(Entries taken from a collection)
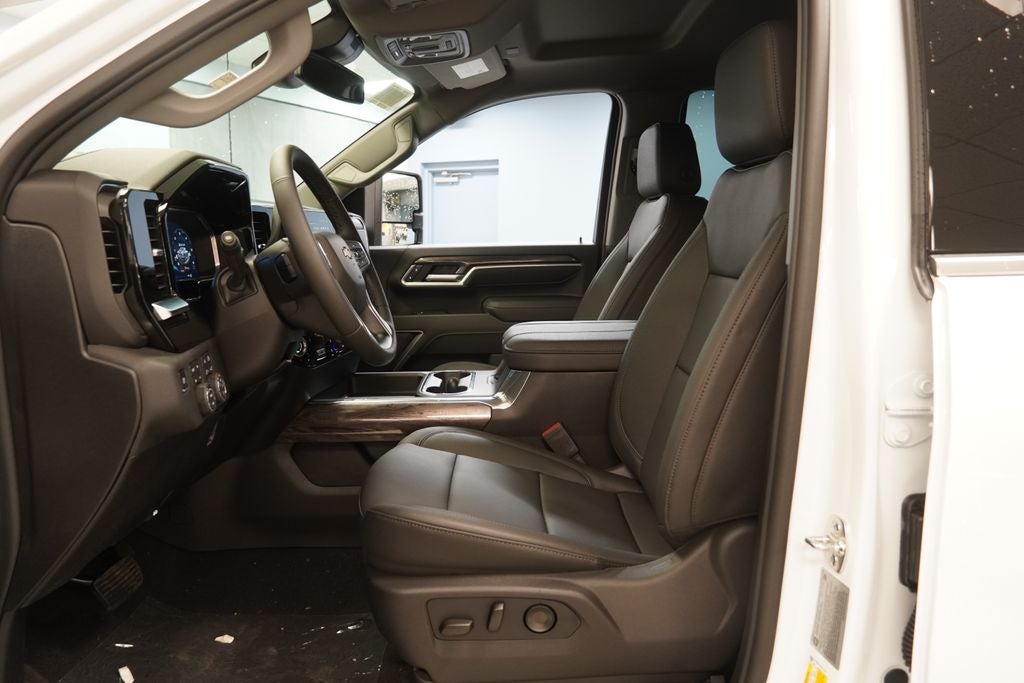 2026 Chevrolet Silverado 2500HD LTZ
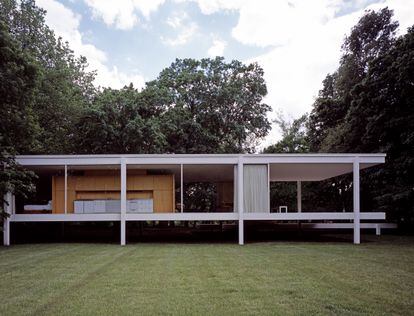 La icónica casa Farnsworth de Mies van der Rohe, en Plano, Illinois, EE UU.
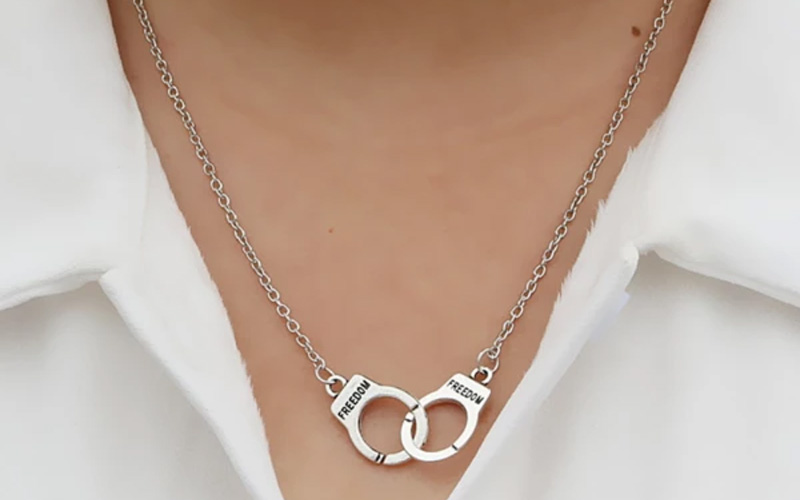 Edgy Unisex Handcuff Necklace Chain Pendant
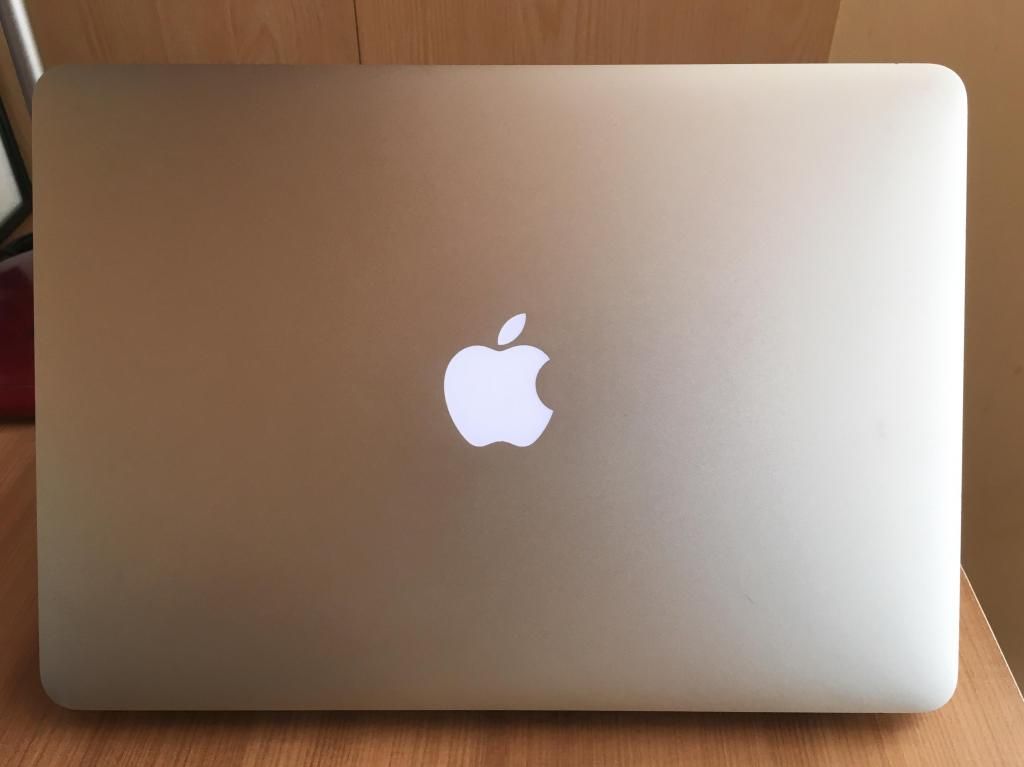 MacBook Air  Intel Core i5 MacOS Mojave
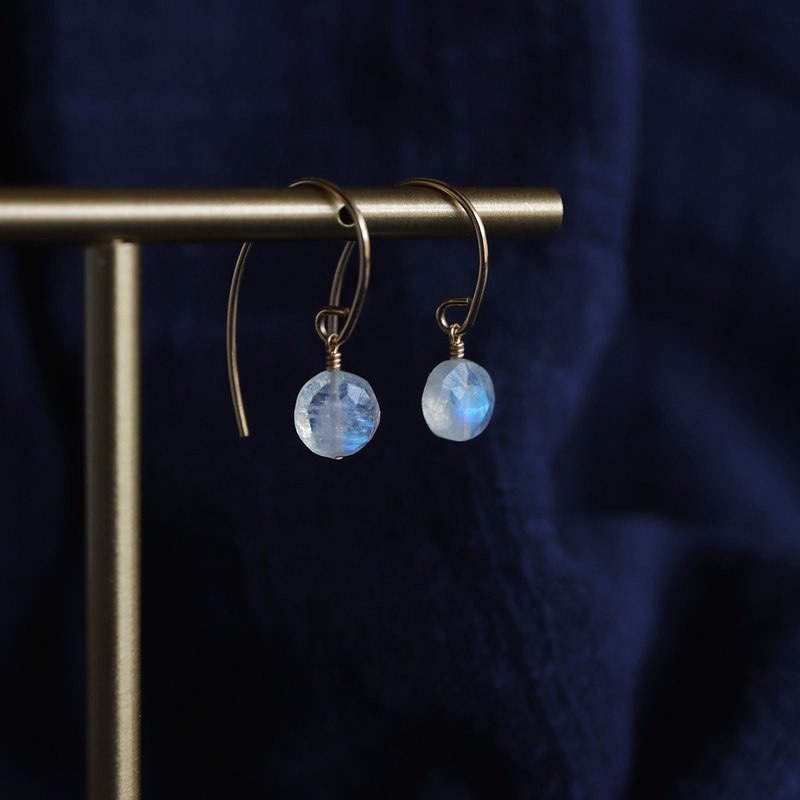 14KGF Moonstone Natural Stone Earrings Short Simple - Earrings & Clip-ons - Gemstone White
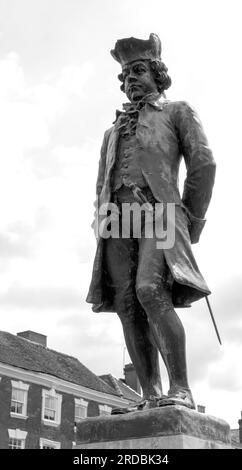 Statue von James Boswell, Market Square, Market Street, Lichfield, Staffordshire, England, Großbritannien Stockfoto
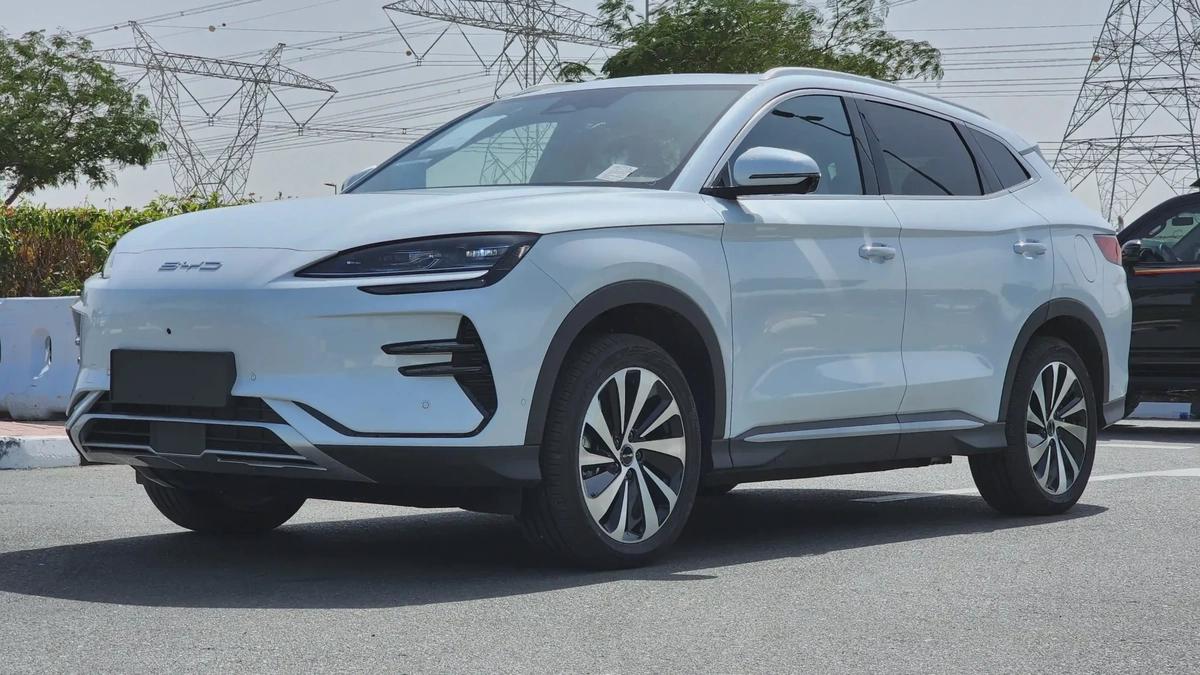 BYD Song Plus Champion (White)-3-3
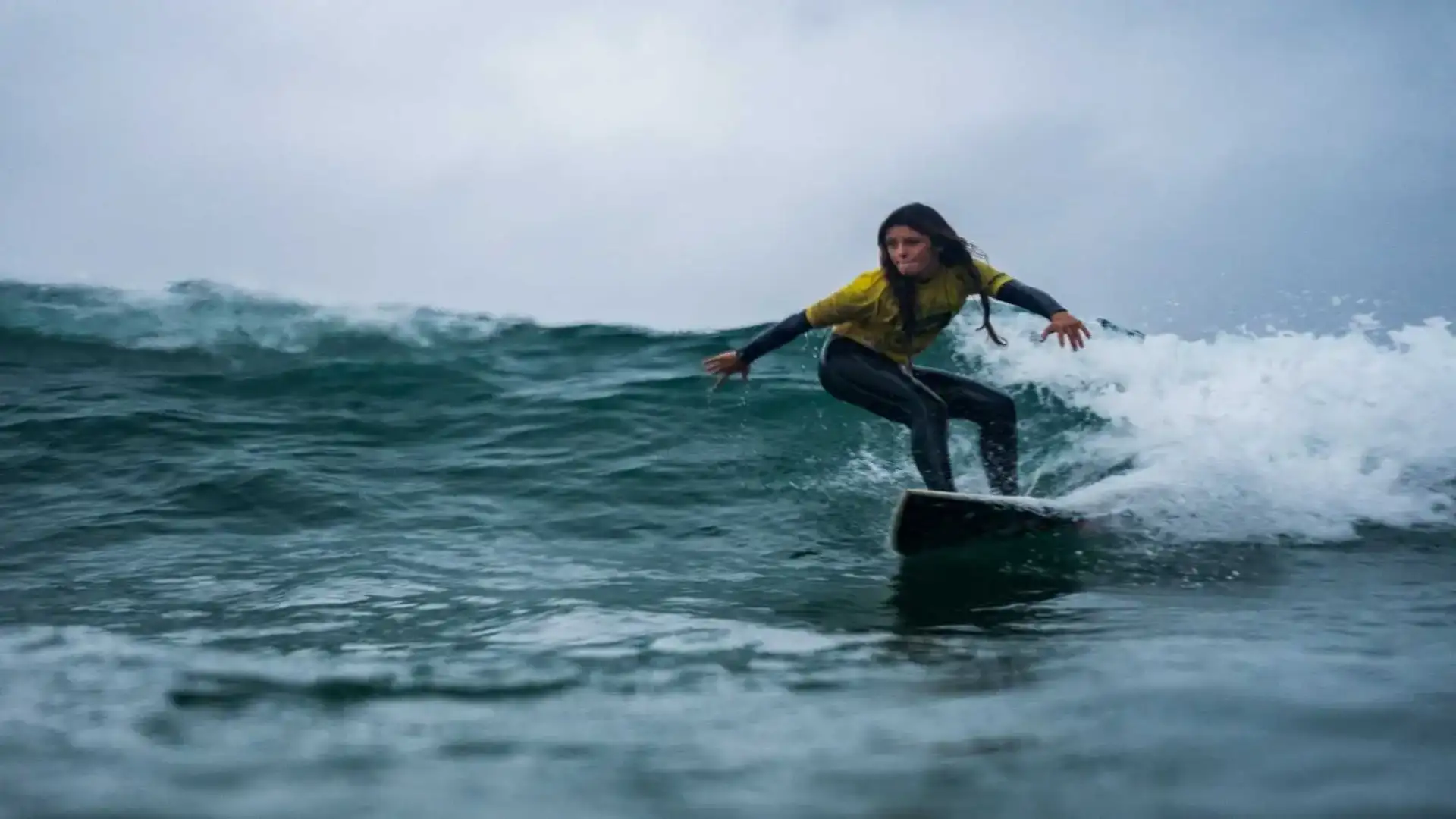 Néstor García e Alicia Takahashi campioni sub 18 al Fesurfing Júnior de Gijón
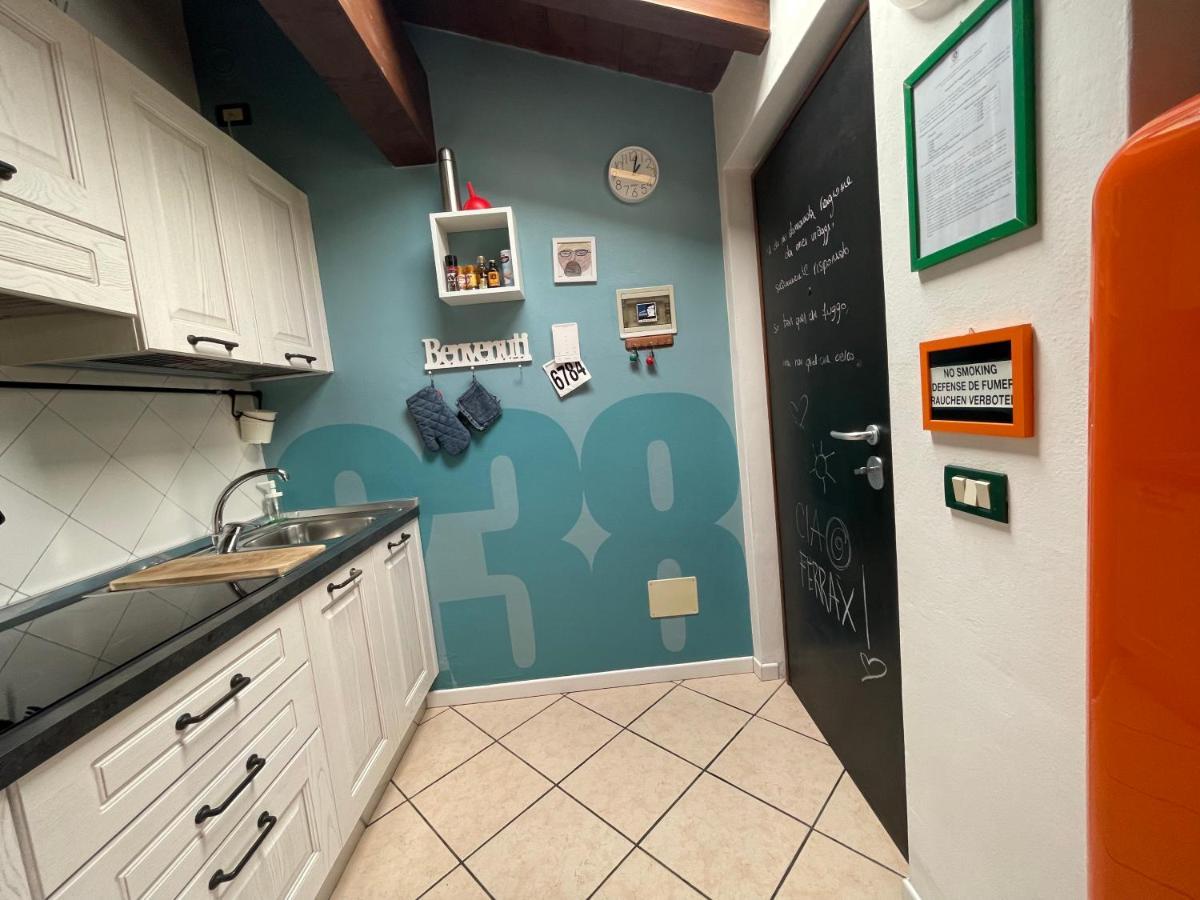 Mansardine Metropolitane Apartment Brescia Bagian luar foto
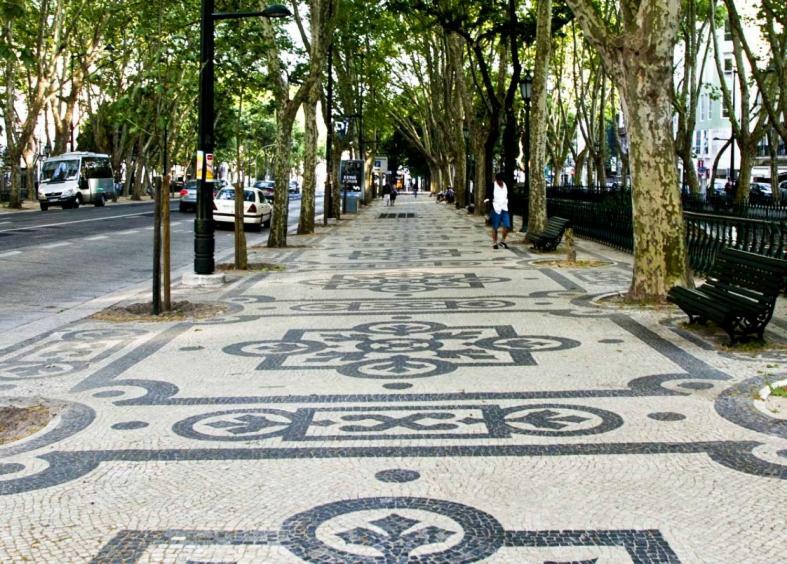 Comfortable Apartment In Marques De Pombal Lissabon Exterior foto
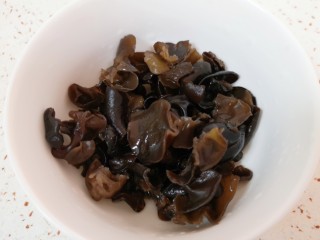 2、臊子面,黑木耳泡发后洗干净撕碎。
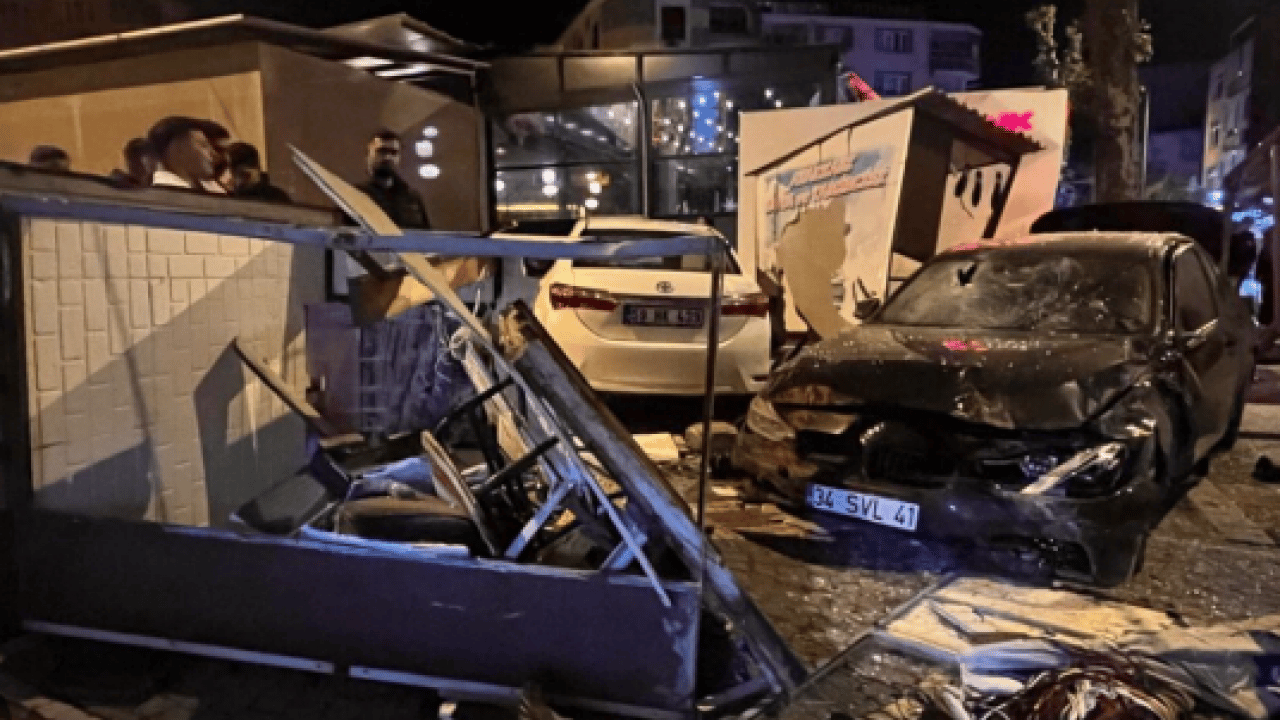 Foto - Tekirdağ'da facianın eşiğinden dönüldü: Kontrolden çıkan otomobil durağa daldı!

AIM OF THE EXERCISE>
Each line from the one containing "La icónica casa" through the final line of the data must be reproduced exactly, both ends included, with no pictures in the copy.

PROBLEM SOLUTION>
 La icónica casa Farnsworth de Mies van der Rohe, en Plano, Illinois, EE UU.
 Edgy Unisex Handcuff Necklace Chain Pendant
 MacBook Air  Intel Core i5 MacOS Mojave
 14KGF Moonstone Natural Stone Earrings Short Simple - Earrings & Clip-ons - Gemstone White
 Statue von James Boswell, Market Square, Market Street, Lichfield, Staffordshire, England, Großbritannien Stockfoto
 BYD Song Plus Champion (White)-3-3
 Néstor García e Alicia Takahashi campioni sub 18 al Fesurfing Júnior de Gijón
 Mansardine Metropolitane Apartment Brescia Bagian luar foto
 Comfortable Apartment In Marques De Pombal Lissabon Exterior foto
 2、臊子面,黑木耳泡发后洗干净撕碎。
 Foto - Tekirdağ'da facianın eşiğinden dönüldü: Kontrolden çıkan otomobil durağa daldı!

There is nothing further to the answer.